Start of Available data

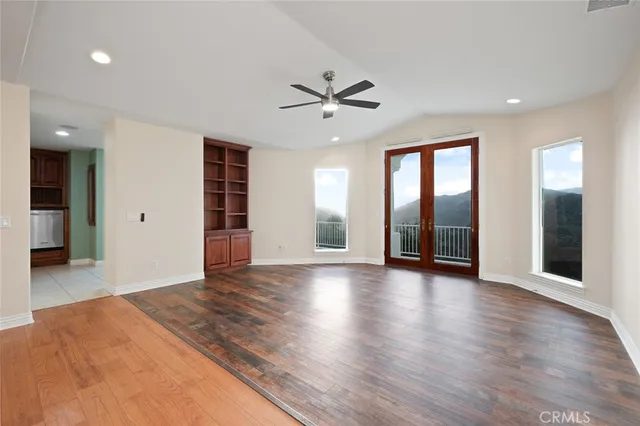 a view of a livingroom with a chandelier fan and windows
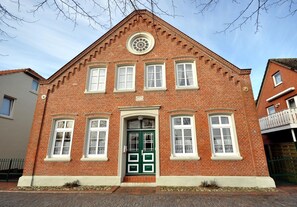 Un bâtiment en briques rouges, avec une porte verte, de nombreuses fenêtres et une fenêtre circulaire au-dessus de la porte.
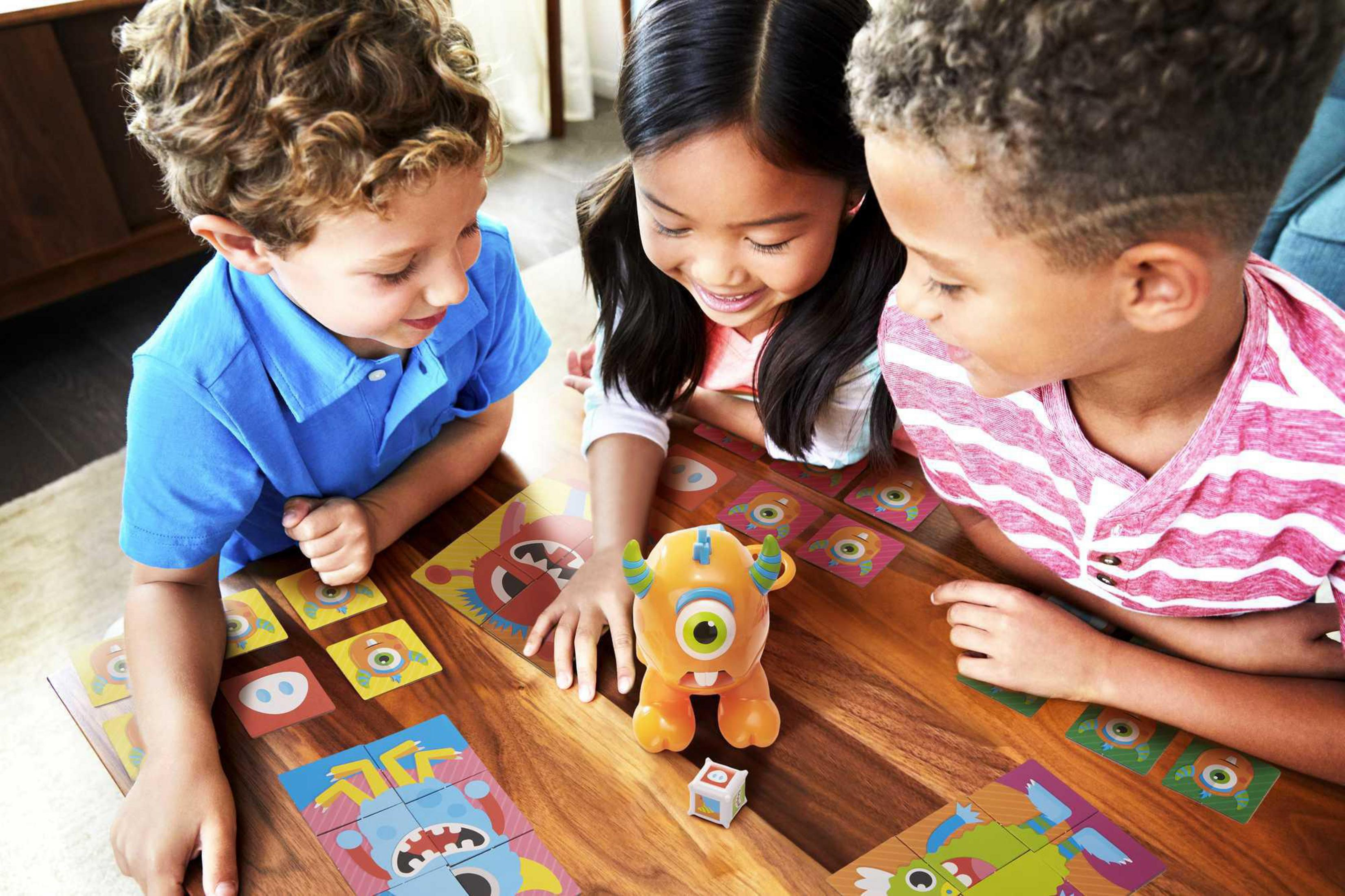 Drei Kinder spielen ein Brettspiel. Monster und Karten liegen auf dem Tisch.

End of Available data

• [Problem requirements]: Set the whole listing down again unchanged, apart from the pictures, which are omitted.

• [Solution to this exercise]:
 a view of a livingroom with a chandelier fan and windows
 Un bâtiment en briques rouges, avec une porte verte, de nombreuses fenêtres et une fenêtre circulaire au-dessus de la porte.
 Drei Kinder spielen ein Brettspiel. Monster und Karten liegen auf dem Tisch.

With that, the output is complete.